Is Your Brain Being Disrupted By Too Much Tech?

When was the last time you memorised a phone number? For most of us, thanks to the ‘smart device age’ we live in, the answer is  ‘eons ago!” from allowing us to telecommute, remotely turning on the car’s ignition to regulating room temperatures  with a single click, technological advancements have made our lives simpler than ever. Yet, recent research has revealed that this technological pervasiveness has started to adversely affect our memories.

According to Erik Fransen, a computer science professor at Sweden’s KTH Royal Institute of Technology, every internet browsing sessions that lasts for more than 30 minutes at a stretch,reduces the brain’s ability to file away information that can be retrieved later.
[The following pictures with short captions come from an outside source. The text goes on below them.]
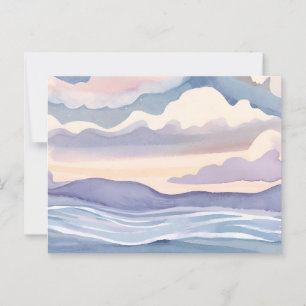 Postal Olas de océano soñadoras   Pastel de acuarela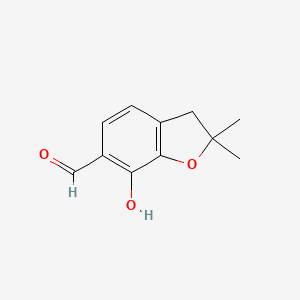 molecular formula C11H12O3 B1400173 7-Hydroxy-2,2-dimethyl-2,3-dihydro-1-benzofuran-6-carbaldehyde CAS No. 1493360-10-3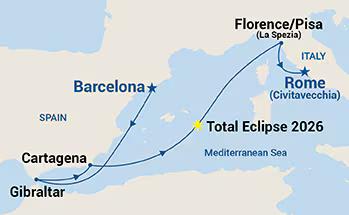 Sun Princess - 7 éjszakás nyugat-mediterrán hajóút / Napfogyatkozás 2026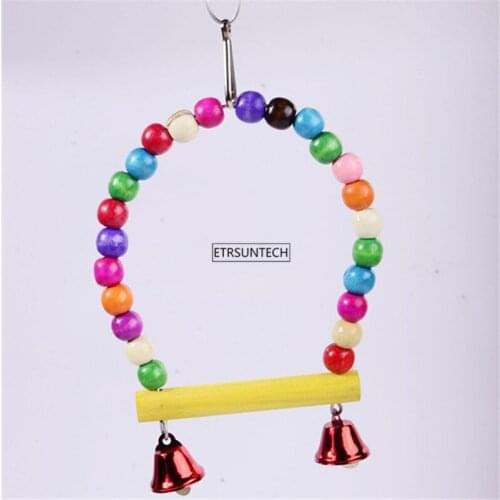 100pcs Natural Wooden Parrots Swing Toy Birds Colorful Beads Bird Supplies Bells Toys Perch Hanging Swings Cage for Pets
This is because we are exposed to massive amounts of varied information in such a short time that one brain is unable to read, process, understand and store information.

Clive Thompson, author of Smarter Than You Think, explains that until a few years ago the internet was used as a functional tool to help increase productivity and efficiency at work; now it has taken on the role of acting as our ‘external memory drive’.

That fact that almost all search engines have a mobile app has further people know that the answer to every question can be easily ‘Googled’, they do not make the effort to remember. When the brain’s  memory centres are allowed to remain idle for extended durations, similar to an unused car, their health begins to deteriorate, and can eventually lead to permanent loss of memory function.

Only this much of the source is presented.